According to the 2005-2006 evaluation of Florida A&M University’s Interim President Castell V. Bryant, more than half of the survey’s participants do not believe she promotes “integrity and high moral values in all aspects of operations” for the university.

When prompted to say whether they strongly agree, agree, disagree, strongly disagree or have no position on Bryant’s leadership by example on this issue, approximately 26 percent disagreed and approximately 36 percent strongly disagreed.

“The faculty has low morale,” FAMU chapter of United Faculty of Florida member Bill Tucker said. He said the faculty has been disappointed by Bryant’s performance as interim president.

The bulk of the survey’s participants were tenured and untenured faculty members. Other participants included other various FAMU employees, such as librarians and researchers. Slightly less than half of the participants were tenured faculty.

The identities of those surveyed have remained anonymous for professional reasons. Tucker thought the identities were kept anonymous “so people could express themselves.”

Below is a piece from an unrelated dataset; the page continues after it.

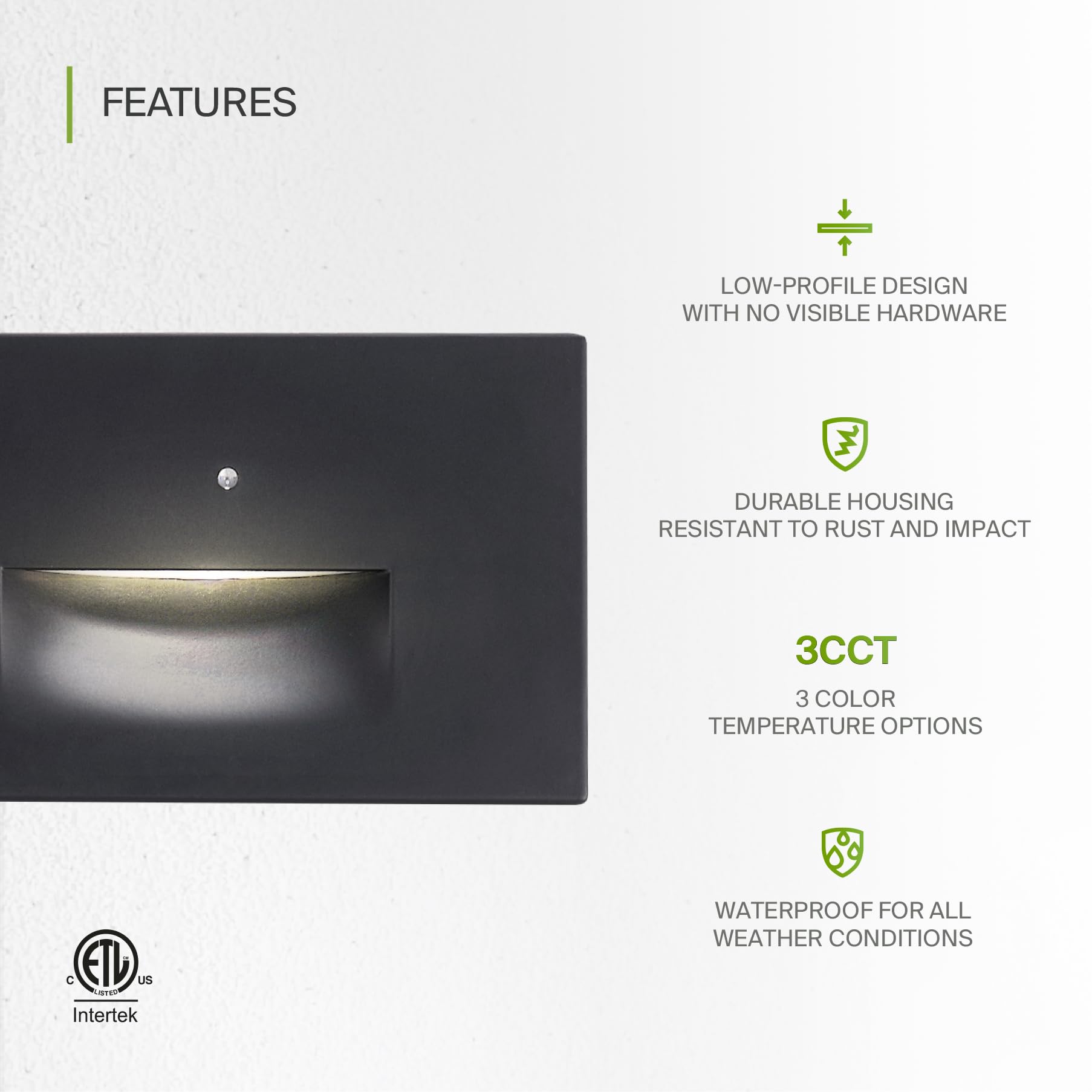 ASD LED Recessed Step Light Fixture, 3W 120LM, 3000K-5000K, Photocell, Waterproof, Black, 4 Pack, Model A-L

He said some of the people who were surveyed are “worried about retribution” and that administrators can be vindictive.

But less than 10 percent of the survey’s participants were graduate or undergraduate students.

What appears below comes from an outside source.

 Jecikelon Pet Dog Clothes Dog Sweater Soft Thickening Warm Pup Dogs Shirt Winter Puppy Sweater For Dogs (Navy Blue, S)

“Faculty has been asking for this survey. It is done at Florida State (University) every year,” Tucker said.

The source of the survey’s evaluative items were taken from Bryant’s “Promise to the Board of Trustees,” published in the Capital Outlook in December 2004.

Only the final two survey items were added by FAMUFF, regarding how much Bryant recognizes the National Alumni Association’s and the faculty’s contributions to the bettering of FAMU.

Participants characterized Bryant’s “commitment to problem solving in ways that are in the best interest of the total university” negatively. Almost three-quarters of them disagreed or strongly disagreed with the statement.

Approximately 80 percent of participants identified Bryant as unappreciative of the “role and contribution of the faculty” to furthering FAMU toward the goals she laid out in the beginning of her term.

Although the participants’ opinions of Bryant may not be that high, she seems to be respected in some aspects, according to the survey.

Approximately half of respondents agree or strongly agree that the interim president has the “commitment to make difficult decisions in an environment of competing opportunities.”

At press time, the interim president’s executive assistant, Leslie Roberts, said Bryant had no comment because she did not know the basis upon which the survey items were selected or the methodology that the survey employed.

The evaluation was funded by FAMUFF and compiled by Key Survey, Inc.